* **WHAT IS EXPECTED**
Where a picture shows up in the listing below, omit it and output the rest exactly.

* **PROVIDED MATERIAL**
____
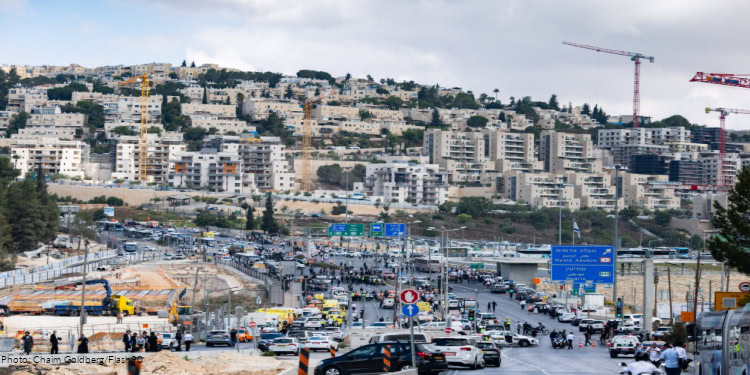 Police and rescue personnel at the scene of a terror attack at Ramot junction, near the entrance to Jerusalem, September 8, 2025.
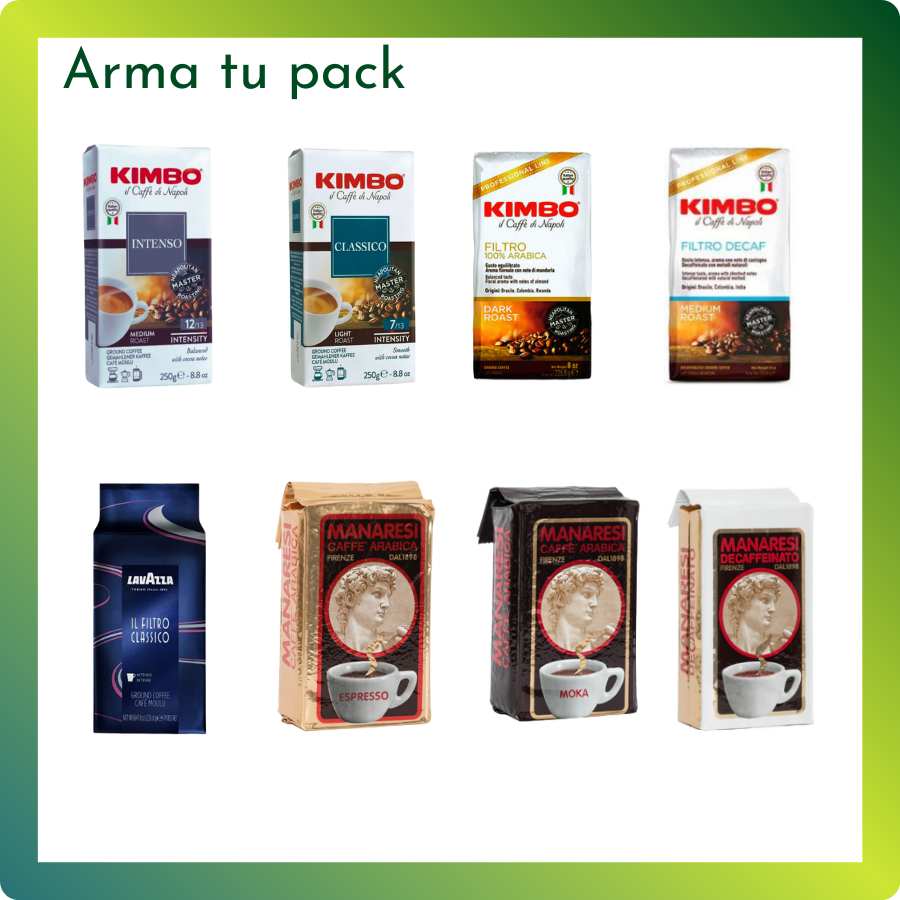 Pack de 1 kilo de café molido italiano al vacío (Kimbo, Lavazza y Manaresi), personalizable según preferencia.

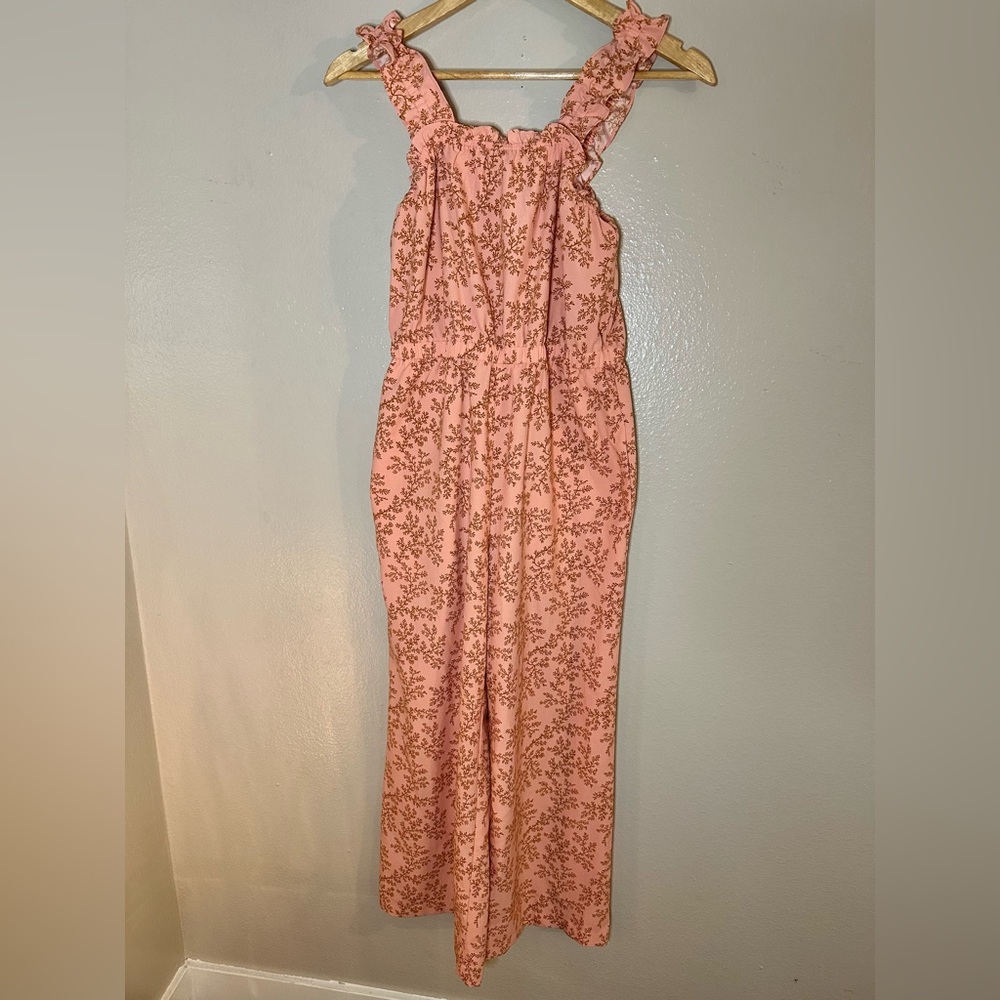LOFT Peach and White Floral Top Size Xs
____
* **TASK RESULT**
 Police and rescue personnel at the scene of a terror attack at Ramot junction, near the entrance to Jerusalem, September 8, 2025.
 Pack de 1 kilo de café molido italiano al vacío (Kimbo, Lavazza y Manaresi), personalizable según preferencia.

LOFT Peach and White Floral Top Size Xs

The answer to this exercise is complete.